For sometime now i have been thinking on embarking on a project of my own. I would be glad if you can provide me with your expert suggestions.
I'm sure you know about machine learning algorithms, an implementation of it is in Weka
What i want to do is the following:
1. Develop a GUI browser based and/or a Web based Application with a Dashboard component in it. The application will do the following;
a) read an excel or comma separated value (CSV) file that contains customer shopping data,
b) Perform data pre-processing (ie cleaning of erroneous fields)
c) Apply Bayes Naiive algorithm or any other data mining algorithm after step b
And the Dashboard will do the following;
d) Show the result to the user.
e) Store the result in a database
f) Allow the user to access the database for past results and allow the user to apply the past results in the prediction of the new result.

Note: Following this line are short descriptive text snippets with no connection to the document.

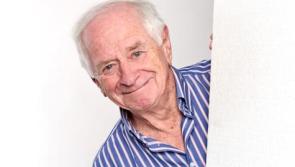 WATCH: TV legend invites Derry schools to support 'Number Day'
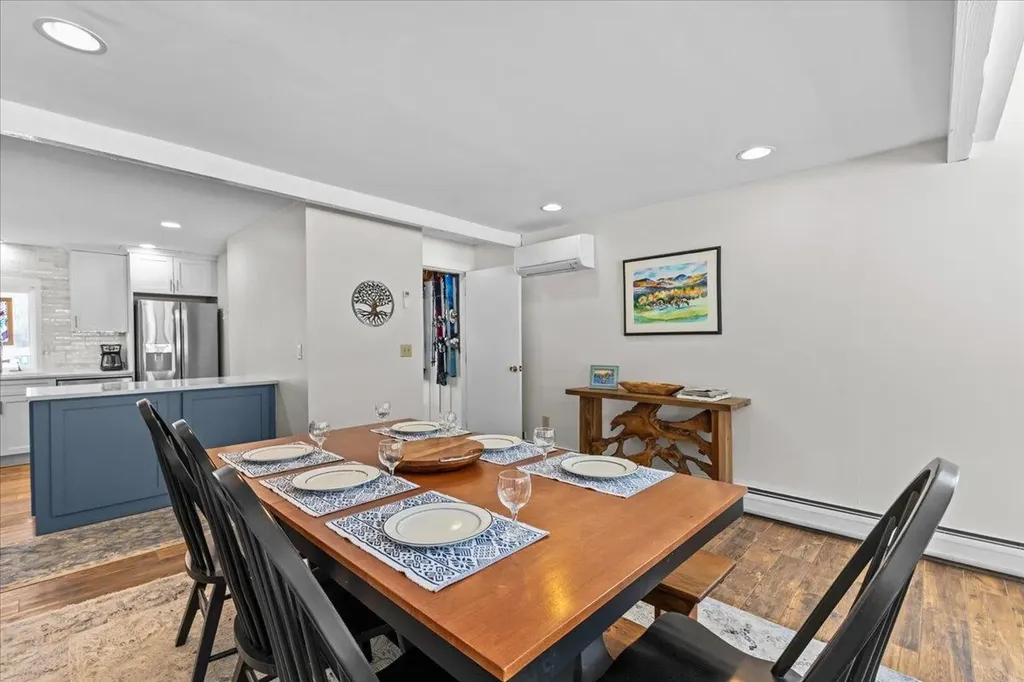 131 Village Green Drive Stowe VT 05672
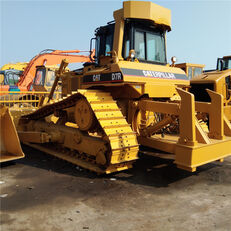 Caterpillar D7R bulldozer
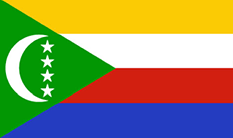 SMS gateway for Comoros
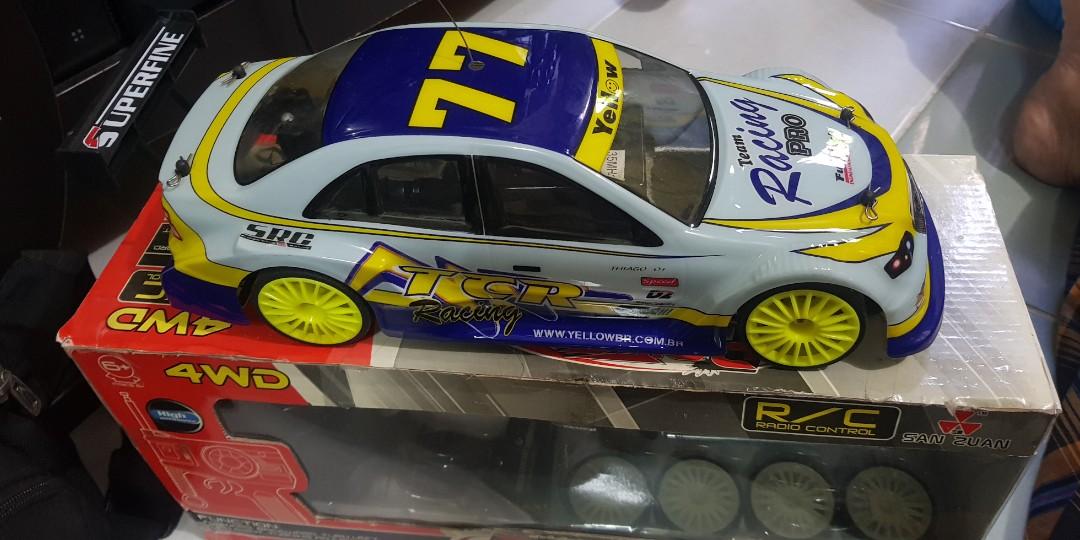 San zuan rc discount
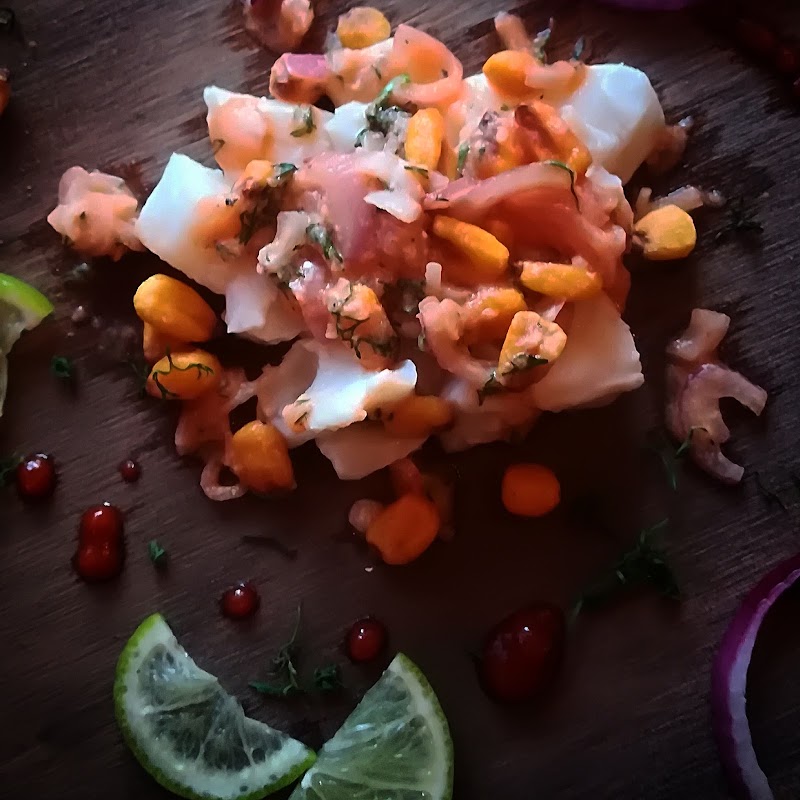 Ceviche 66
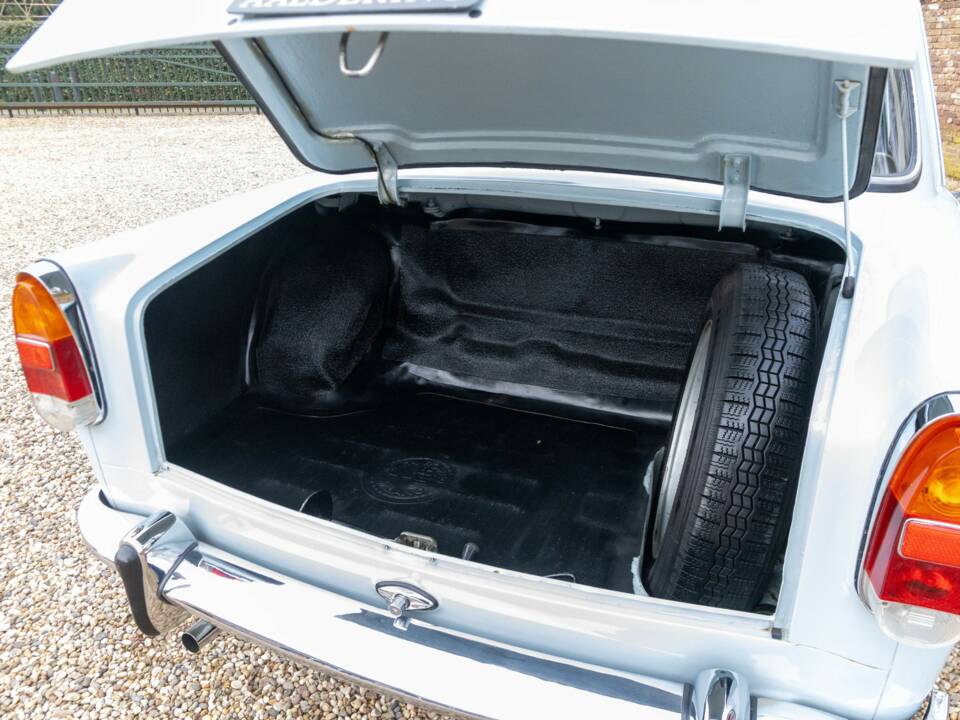 Image 29/48 of Alfa Romeo Giulietta TI (1964)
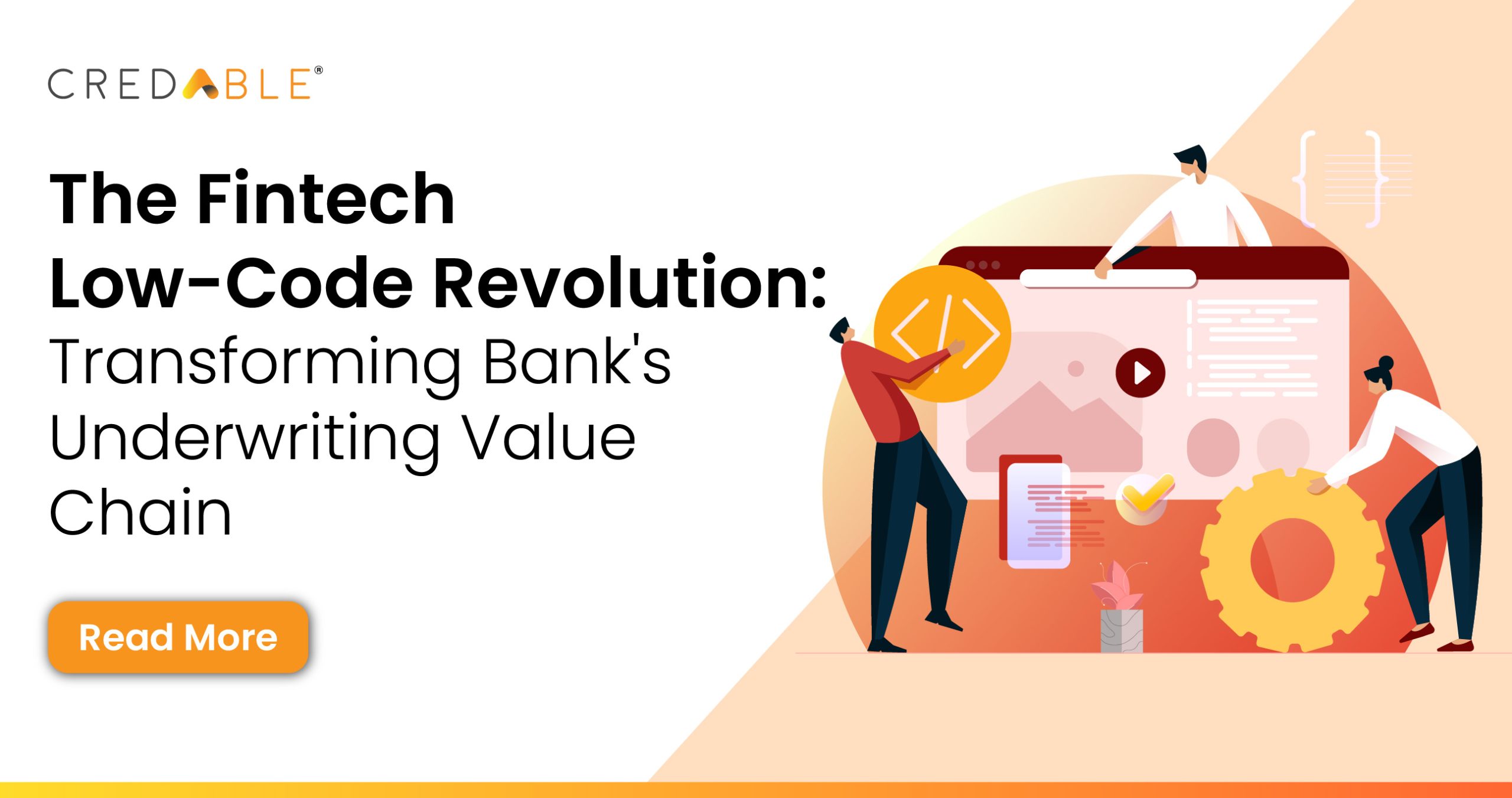 Banks Are Unleashing NextGen Underwriting Capabilities with FinTech’s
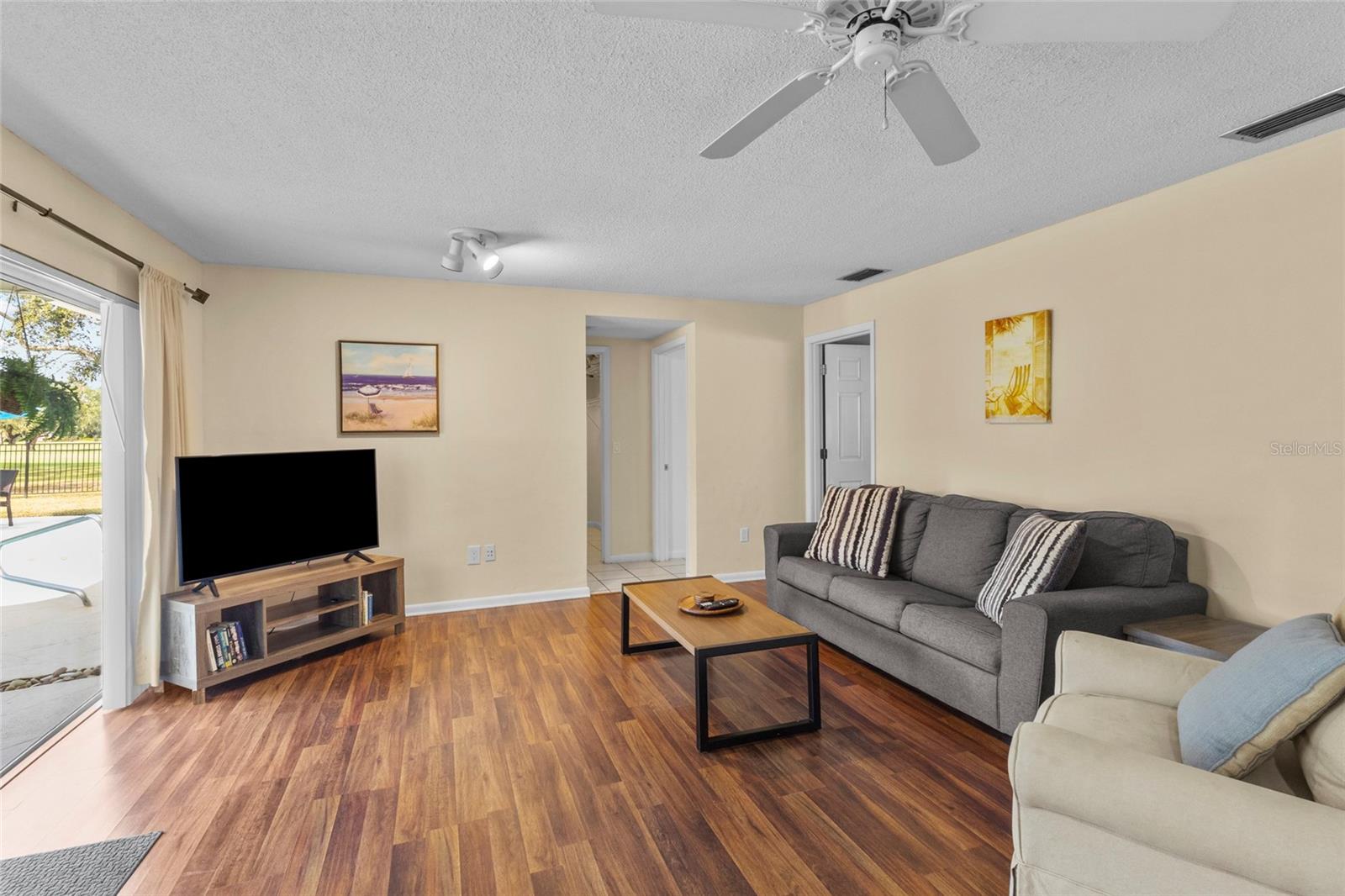 WHITFIELD ESTATES - Residential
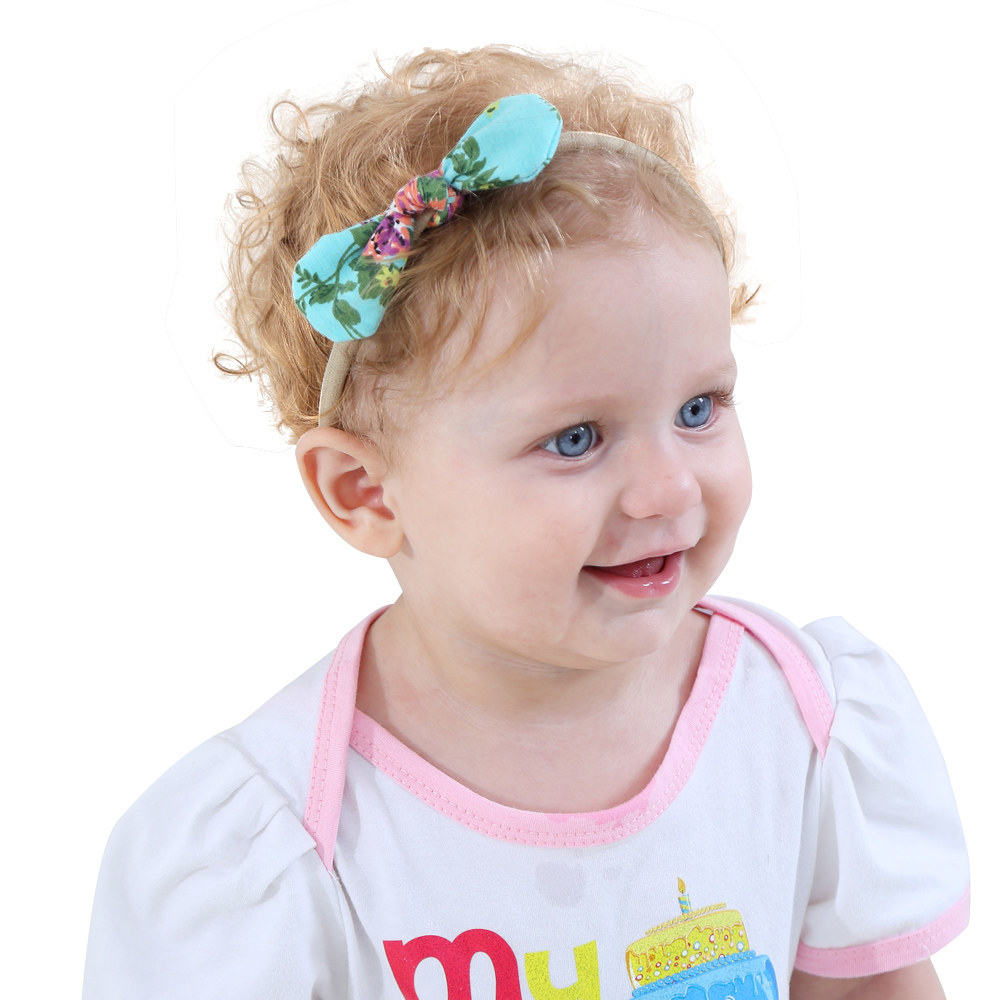 New Elastic Baby lovely lightly flower Color Headband Hair Band Children Rabbit Ear Headband beautiful popular
New Elastic Baby lovely lightly flower Color Headband Hair Band Children Rabbit Ear Headband beautiful popular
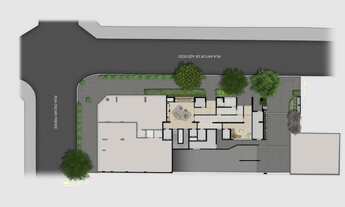 Imagem 4: Artur 73 - NR Apartamento com 2 dormitórios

Also this dashboard should have different dashlets like Graphs, Maps, Table data from tables in database etc
Now, i would request you to let me know what do i need to read and learn in order to develop this web based application. I did some reading on PrimeFaces, RichFaces, JavaSwing, PrimeFaces and RichFaces confused me a lot, i do not even know why in the first place i was reading it, maybe because somewhere in the dark corridors of my mind, the term "framework" keeps echoing! That's why i have been reading on Vaadin and LiftWeb
This erudite community members always have helped me a lot in the past, and i would really appreciate if you could help steer me in a direction.
I am very sorry for the above garbled post.. dont know how it happened.
Let me repost the code again
My question is how can i write the same code in JSP and involve Beans in it. Any tutorial or directions will be helpful
by the way, the above code does not even come close to what i want achieve as in the Original Post
Going through your requirements, I don't see the need of any fancy UI unless you are considerate about it.
I am just looking at the functional aspect of the requirements. Your CSS skills can still make it enough good I guess.
For the graphs and charts part I could recommend using JFreechart. Its really cool and easy.
With no disrespect intended, I'd suggest that generating static graphs and charts on the server is a thing of the past. Interactive client-side charting with packages such as HighCharts is a much more modern approach.
Thanks a lot, Amit and Bear for your comments.
Let me go through 'HighCharts' tutorial and figure out how will i be able to use it.
Meanwhile any other suggestions on how to perform data cleaning and data mining algorithms.
I'm almost tempted to follow Weka machine learning algorithms for data mining tasks but the only problem is that i cant understand some of its algorithms..!
Looking forth to your suggestions.
I never used HighCharts, but the demos are pretty cool. Thanks Bear
For data mining, Weka is a powerful tool and supports many algorithms. Moreover its open source.
You need to decide what algorithms you want, what type of data and cleaning you wish to perform,etc.
If you are looking at understanding data mining tool/algorithm RapidMiner community edition would be another choice.
Thanks Amit for your insight.
Tools like Weka, RapidMiner etc are already known to me. I prefer Weka more because its algorithms are open source code so it helps me to understand them better.
The algorithms that I'm interested to develop in Java are Naiive Bayes, Association rules, Classification and Clustering. The web has a plethora of source codes on these algorithms but i want to develop my own versions so that i gain a better understanding of them. Java Collections inspire me a lot. There have been several books on Data Mining/Weka etc but the problem is they are written in such a way as if targeting more experienced Java user genre.
Looking forth to your suggestions on the same.
Honestly I am not getting what you are exactly trying to do. If you want to develop your own implementation of any algorithm, then all you need is the understanding of the algorithm itself.
Existing implementations like Weka are handy when you want to test the algorithm against a data set. It may help in verifying correctness of your algorithm for large data set.
But be advised, the results may vary especially for clustering algorithms.
Ashish Dutt wrote:The algorithms that I'm interested to develop in Java are Naiive Bayes, Association rules, Classification and Clustering.
I would say you take the divide and conquer approach here. Association rules can be computed in n different ways and there are further more ways just to find the frequent itemset.
So pick a algorithm, pick a strategy for the frequent pattern, get the program running and then move on to the next one.
Usually clustering algorithms like K-means clustering are a good starting point. Association rule mining is bit tricky so comes later on .
On a side note, I feel that you are directly going to the final web application design and coding.
That is not the way I would have done it. There is no point in coding the JFileChooser when there is no underlying logic to process the selected file.
I just proposed K-means but there are more clustering algorithms out there. IMO K-means is the simplest to get hold of.
But again the effectiveness of clustering algorithms depend on the distribution of dataset.
Ashish Dutt wrote:What approach (or how would) you would have taken to design it?
Well I would have implemented the the algorithms and tested them as desktop applications, no GUI, no files nothing. Then add file inputs, add post processing like charting, make it to web app.
In one line -"build it bottom up".
Note that I have left out the design and just discussed the implementation. A good design is the base of a good implementation.